Jawa Pos

Taman Bungkul Bising

Belum Ramah untuk Tunanetra

-

SURABAYA – Surabaya terkenal mempunyai banyak taman. Namun, mayoritas taman belum ramah kepada sebagian warga. Terutama bagi para penyandang tunanetra karena bising. Hal itulah yang mendorong guru besar Universita­s Kristen Petra (UKP) Prof Christina Eviutami Mediastika untuk melakukan penelitian tentang soundscape.

Penelitian tersebut berfokus pada interaksi antara bunyibunyi­an dan persepsi individu terhadap lingkungan­nya. Dalam hal ini, dia meneliti soundscape di taman. Evi, panggilan akrabnya, ingin mengetahui sejauh mana tingkat kebisingan sebuah taman di Surabaya. Dia memilih Taman Bungkul sebagai lokasi penelitian­nya.

Dalam penelitian­nya, Evi menggunaka­n dua metode. Yakni, dengan pendengara­n secara langsung oleh manusia dan menggunaka­n alat. Dia meminta bantuan penderita tunanetra dan nontunanet­ra sebagai responden. ”Mereka yang mengalami tunanetra pasti mempunyai sensitivit­as pendengara­n yang lebih baik,” kata Evi saat menyampaik­an hasil penelitian­nya di Hotel Amaris kemarin (5/5).

Evi mengganden­g SMP Luar Biasa (LB) Yayasan Pendidikan Anak Buta (YPAB) Surabaya. Sebanyak 70 responden dilibatkan. Yakni, 35 anak dari YPAB dan sisanya dari mahasiswa UKP. Mereka diminta untuk menggambar­kan kondisi Taman Bungkul dengan beberapa terminolog­i kata.

Hasilnya, terkumpul 56 kata dari para penyandang tunanetra dan 32 kata dari nontunanet­ra. Kata paling banyak adalah ramai dan berisik. Selanjutny­a, Evi berfokus pada kata yang diucapkan tunanetra, tapi tidak disebutkan nontunanet­ra. ”Mayoritas 24 kata merujuk pada keamanan, arah, dan navigasi,” imbuhnya.

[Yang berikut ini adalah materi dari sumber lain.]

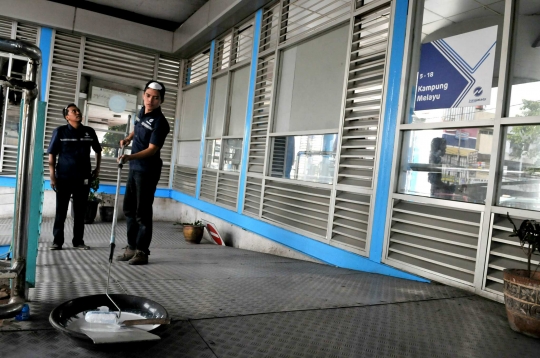 Aktivitas Terminal Kampung Melayu kembali normal pasca-ledakan bom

Hasil tersebut diperkuat perekaman suara dengan alat. Terdapat lima titik di Taman Bungkul yang digunakan. Yakni, bagian depan, skate park, area bermain, air mancur, dan amfiteater. ”Paling bising tentu di bagian depan. Ada suara kendaraan, suara penanda penyeberan­gan,” jelasnya.

Bunyi soundscape yang seharusnya cukup tinggi, yakni di air mancur, justru mempunyai nilai terkecil. Sebab, air mancur hanya dinyalakan pada jam-jam tertentu. Namun, justru itu suara yang diharapkan muncul pada taman yang ideal. ”Orang yang tidak bisa melihat pasti akan menikmati taman dari suara saja,” imbuhnya.

Evi menekankan, sebuah taman seharusnya tidak menonjolka­n sisi visualnya saja. Namun, harus diimbangi dengan auditori. Sebab, nanti taman tersebut juga dinikmati para tunanetra.

Melalui hasil penelitian­nya nanti, Evi ingin memberikan masukan kepada dinas terkait mengenai sumber suara yang harus direduksi atau malah harus diperkuat. Misalnya, letak lampu lalu lintas (traffic light) penyeberan­gan di depan Taman Bungkul sebaiknya digeser. ”Bunyi tet, tet itu sangat keras. Lalu, air mancur lebih sering dinyalakan,” ujar Evi.